The reference counter 111 operates to divide the frequency of an oscillation signal FOSC, output from the crystal oscillator 112 at a predetermined frequency in order to generate a reference signal FR at a reference frequency. The reference signal FR is output to the phase comparator 117.
The comparative frequency divider 113 includes a prescaler 114, a program counter 115, and a swallow counter 116 for switching a dividing ratio of the prescaler 114. The prescaler 114 divides a frequency of the signal FVCO output from the VCO 120 to generate a frequency-divided signal S1. If the frequency-dividing ratio is expressed by "M", the prescaler 114 normally divides a frequency of the output signal FVCO by a factor of (M+1). Based on a switching signal MC output from the swallow counter 116, the prescaler 114 divides the frequency of the output signal FVCO by a factor of M.

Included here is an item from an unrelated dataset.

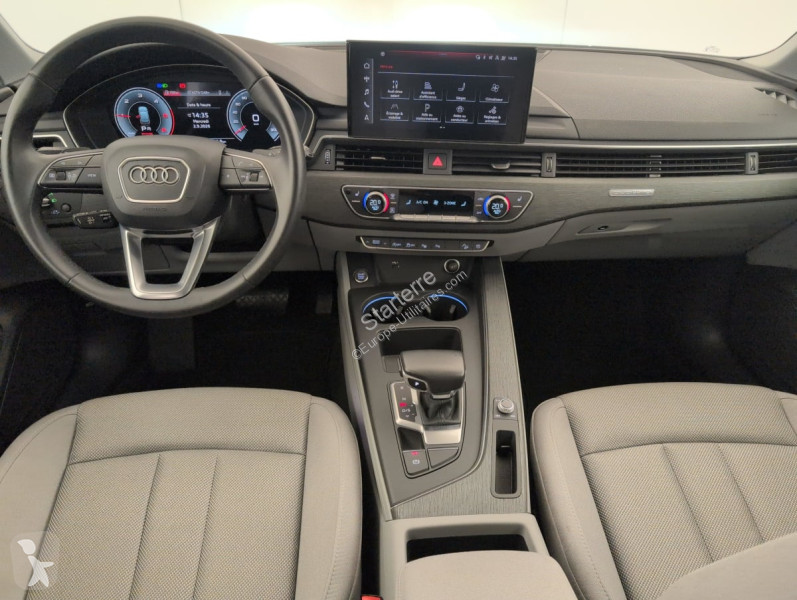 Véhicule utilitaire Audi A4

The program counter 115 divides a frequency of the dividing signal S1 to generate a comparison signal FP. The program counter 115 may set the frequency of the comparison signal FP to any value, and divide a frequency of the signal S1 to form a desired frequency. If the frequency-dividing ratio is expressed by ".alpha.", the swallow counter 116 divides a frequency of the signal S1 into a factor of .alpha.. when the frequency-dividing is completed, the swallow counter 116 operates to output a switching signal MC to the prescaler 114.
The phase comparator 117 compares a phase of the reference signal FR with that of the comparison signal FP, and outputs pulsewise phase difference signals .phi.R and .phi.P to the charge-pump circuit 118, based on the phase difference between the signals FR and FP. When the phase difference signal .phi.R is low, the phase difference signal .phi.P is maintained low. When the phase difference signal .phi.P is high, the phase difference signal .phi.R is maintained high.

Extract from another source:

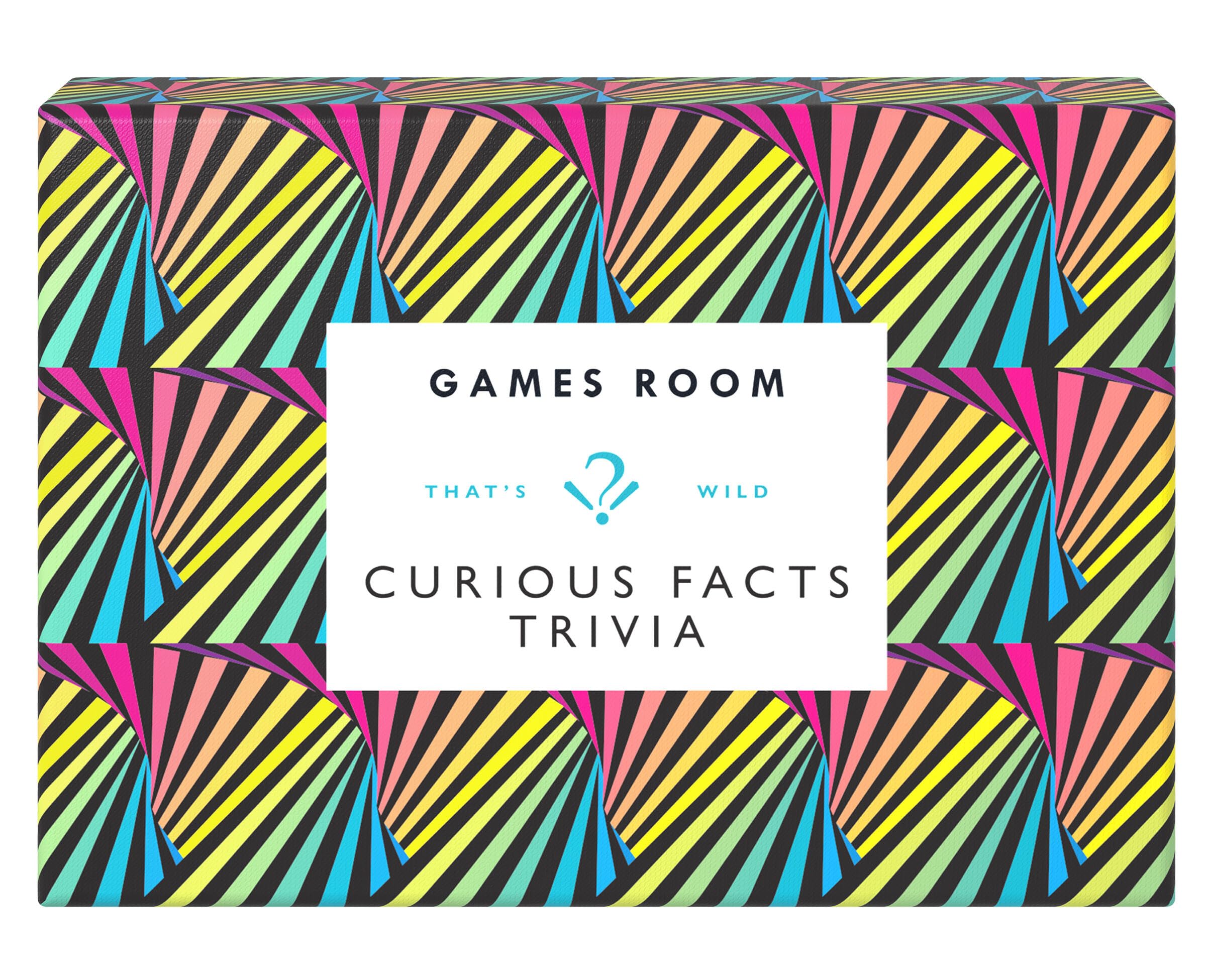 Truly Bizarre Facts Trivia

The charge-pump circuit 118 is provided with a PNP transistor T11, an NPN transistor T12, and four resistors R11 to R14. Each of the transistors T11 and T12 is a bipolar transistor with a grounded emitter. The transistor T11 has its emitter coupled to the power supply Vcc, its collector connected to the LPF 119, and its base connected to the phase comparator 117 via the resistor R12. The base serves to receive the phase difference signal .phi.R and is connected to the power supply VCC via the resistor R11. The transistor T12 has an emitter connected to the ground GND, a collector connected to the LPF 119, a base connected to the phase comparator 117 via the resistor R14. The base serves to receive the phase difference signal .phi.P and is connected to the ground GND via the resistor R13.

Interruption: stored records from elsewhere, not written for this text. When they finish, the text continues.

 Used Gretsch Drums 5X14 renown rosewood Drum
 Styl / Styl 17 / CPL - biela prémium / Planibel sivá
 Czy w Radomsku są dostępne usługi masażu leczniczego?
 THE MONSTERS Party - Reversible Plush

When the phase difference signals .phi.R and .phi.P are both maintained at low voltage levels, only the transistor T11 remains on, effectively allowing transistor T11 to control the output of voltage signal DO from transistor T11 to the LPF 119. When the phase difference signals .phi.R and .phi.P are both held at the H level, only the transistor T12 remains on, effectively allowing transistor T12 to control the output of voltage signal DO to the LPF 119. Based on the level of the phase difference signals .phi.R and .phi.P, either the transistors T11 or T12 will be on to change the voltage level of the voltage signal DO. With the transistor T11 on, the voltage level of the voltage signal DO increases and the LPF 119 gets charged by the power supply VCC via the transistor T11. With the transistor T12 on, the voltage level of the voltage signal DO decreases and the LPF 119 discharges to ground GND via the transistor T12.
The LPF 119 operates to smooth the voltage signal DO of the charge-pump circuit 118 by removing high-frequency pulse components. As a result, the LPF 119 outputs a control voltage signal VT having no high-frequency pulse components. The VCO 120 outputs a signal FVCO whose frequency is maintained in correspondence with the value of the control voltage signal VT. The output signal FVCO is fed back to the prescaler 114 of the comparison frequency divider 113.
By the aforementioned signal feedback process, the frequency of the signal FVCO output from the VCO 120 is locked up at a multiple value of the reference signal's frequency.
To increase the tuning speed of the PLL frequency synthesizer circuit as described above, the charge-pump circuit 118 needs to relay the driving current to the LPF 119 in order that the LPF 119 can rapidly charge or discharge. To meet this requirement, when the PNP transistor T11 or the NPN transistor T12 is turned on, the charge-pump circuit 118 has to output larger driving current.
Since the PNP transistor T11 and the NPN transistor T12 are formed on one semiconductor substrate, however, the current amplification of the PNP transistor T11 is inevitably lower than that of the NPN transistor T12. This makes it difficult to improve the performance of the PNP transistor T11. In addition, generally, the current value through the bipolar transistor is constrained by the value of the current's amplification. In conventional charge pumps, therefore, the driving current of the PNP transistor T11 was constrained within a particular range, limiting the charging or discharging speed of the charge-pump circuit 118.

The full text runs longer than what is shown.